According to El Pais, the public prosecutor will file a lawsuit against the club and their former president Josep Maria Bartomeu for payments to Jose Maria Enriquez Negreira while he was the vice-president of Spanish football’s referees’ committee.
Courts will now decide whether or not there is sufficient evidence for the case to be heard.
At an earlier event on Tuesday Barcelona’s current president Joan Laporta was asked about the scandal and he said: ‘Barça has never bought referees and Barça has never had any intention of buying referees. Absolutely never. The forcefulness of the facts contradicts those who try to change the story.’
Laporta said he plans to hold a press conference to explain the situation in the coming days.

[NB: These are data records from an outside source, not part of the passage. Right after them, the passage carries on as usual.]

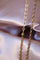 Collier Sautoir ancien en or rose 58 Facettes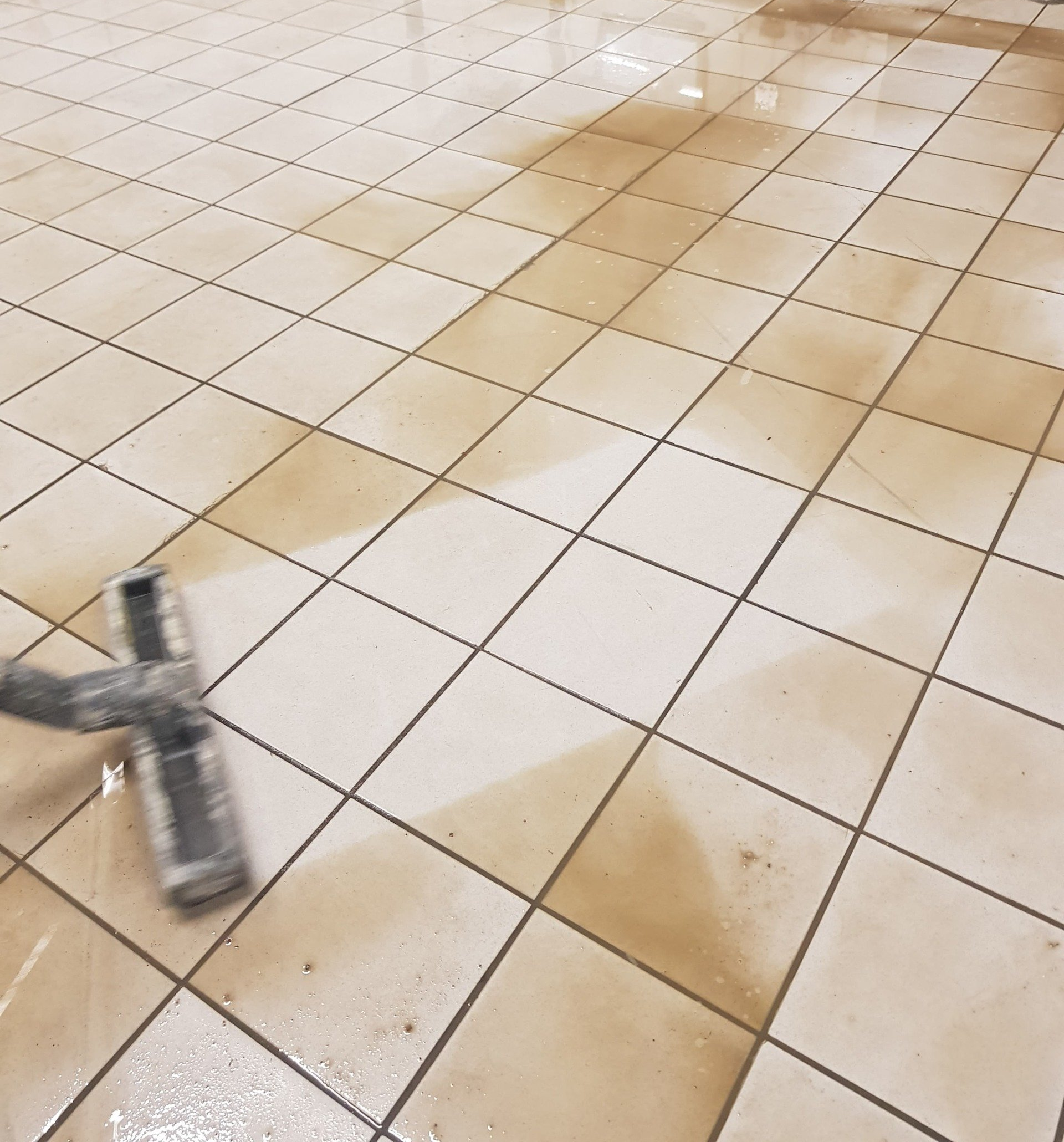 Porcelain Tile Cleaning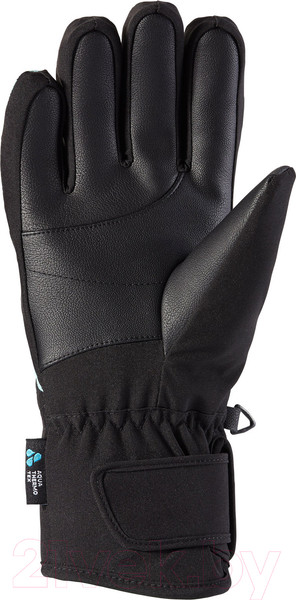 Изображение товара Перчатки лыжные VikinG Espada / 113/24/4587-0971 (р.6, черный/бирюзовый)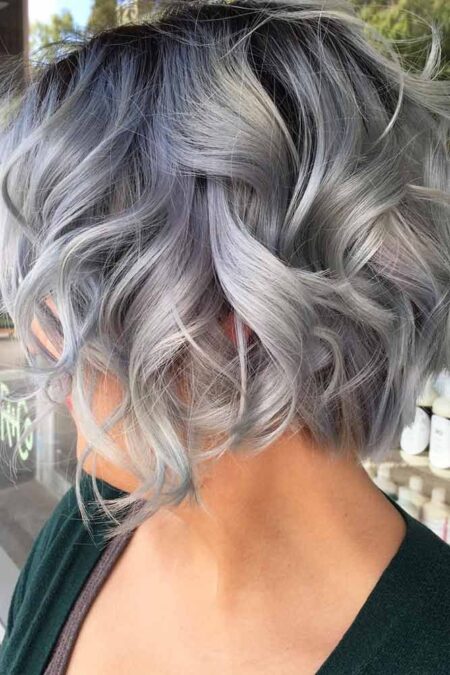 Cabelos Platinados Cinza cabelo-platinado-cinza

Spain’s Public Prosecutor will proceed with a case against Barcelona for corruption in sport
The public prosecutor will file a lawsuit against the club and their ex-president Josep Maria Bartomeu for payments made to the vice-president of Spanish football’s referee’s committee
La Liga head Javier Tebas had said that no action could be taken by the Spanish League because the statute of limitations had passed.
And the Spanish Football Federation said that since current president Luis Rubiales took power in 2018 Enriquez Negreira has not been part of the Referees’ Committee and that it is now prohibited for any member of the body to be employed as a consultant by any club.
Spain’s public prosecutor will now need to show that results were influenced directly as a result of services paid for Barcelona.
The controversy first hit Barcelona last month when a tax investigation into a company owned by Enriquez Negreira revealed a payment from Barcelona of £1.2m, during a two-year period up to 2018 – paid for ‘technical advice on referees’, while he was vice-president of the Referees’ Committee.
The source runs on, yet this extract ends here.